* [Work required]: The answer must reproduce the listing exactly, with every picture left out.

* [Supplied information]:
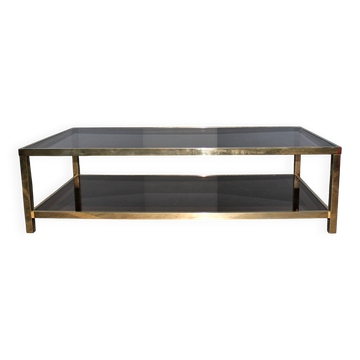 Table basse avec bande miroir en bronze de Belgo Chrom, années 1970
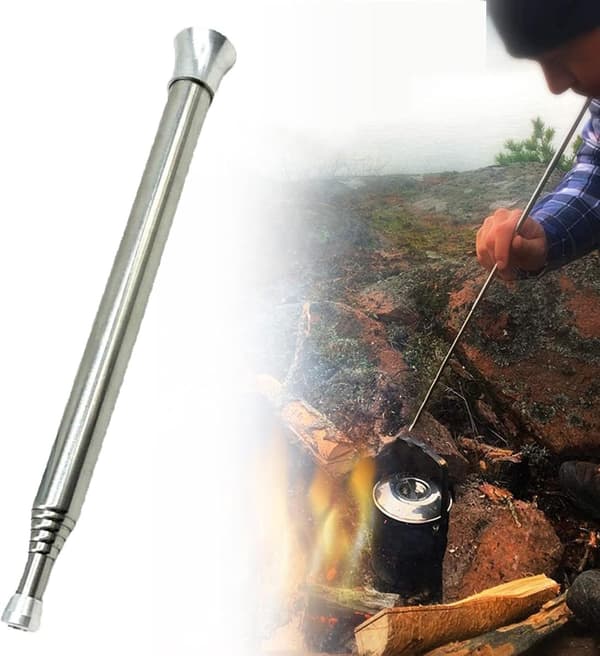 Blæserør - bærbar ildbælg - rustfrit stål - camping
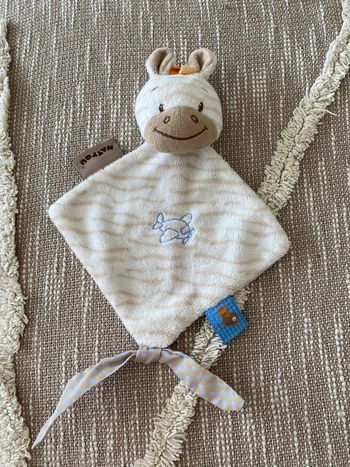 Peluche doudou plat 28cm nattou Zèbre cheval âne blanc et marron beige rayé très bon état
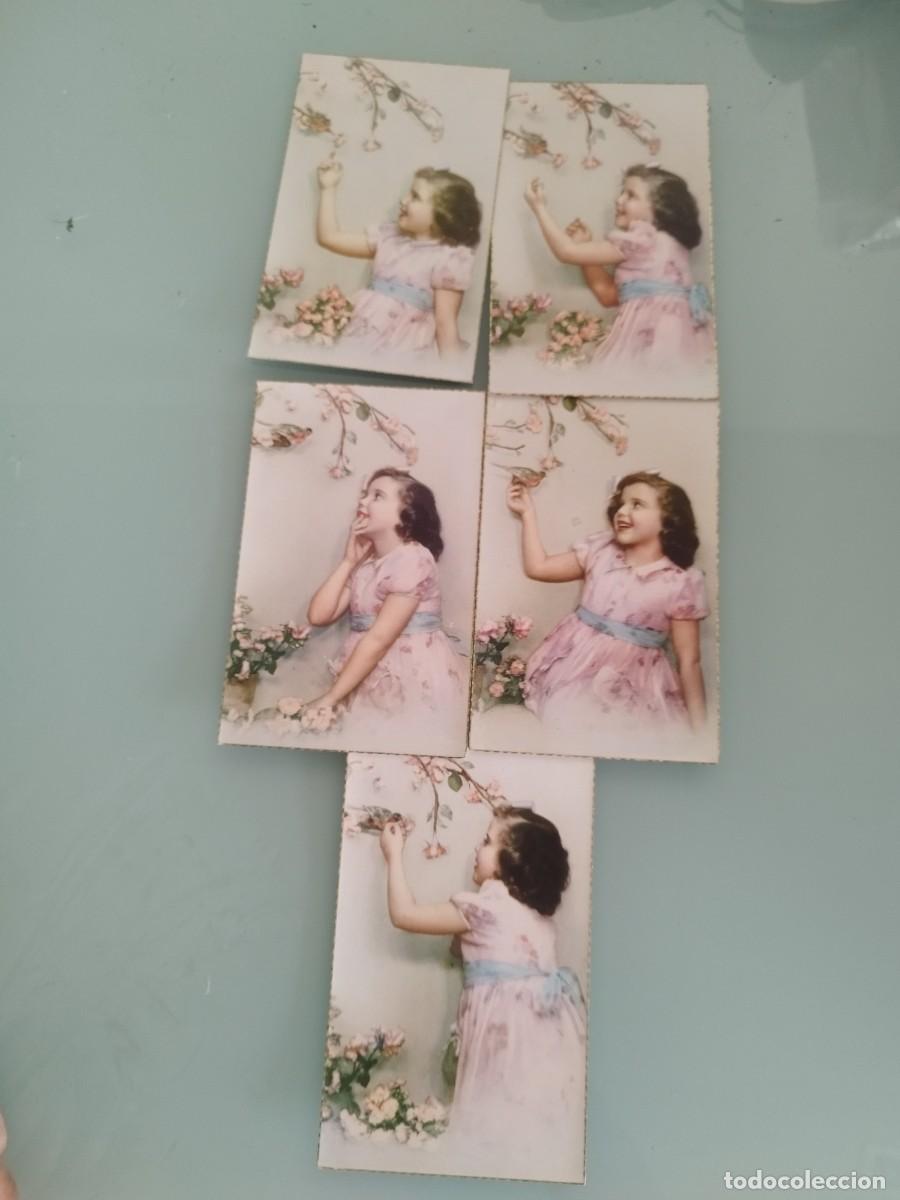 Postales: 5 antiguas tarjetas postales ni&ntilde;a con un vestido rosa en distintas poses con pajaritos y flores.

* [Solution]:
 Table basse avec bande miroir en bronze de Belgo Chrom, années 1970
 Blæserør - bærbar ildbælg - rustfrit stål - camping
 Peluche doudou plat 28cm nattou Zèbre cheval âne blanc et marron beige rayé très bon état
 Postales: 5 antiguas tarjetas postales ni&ntilde;a con un vestido rosa en distintas poses con pajaritos y flores.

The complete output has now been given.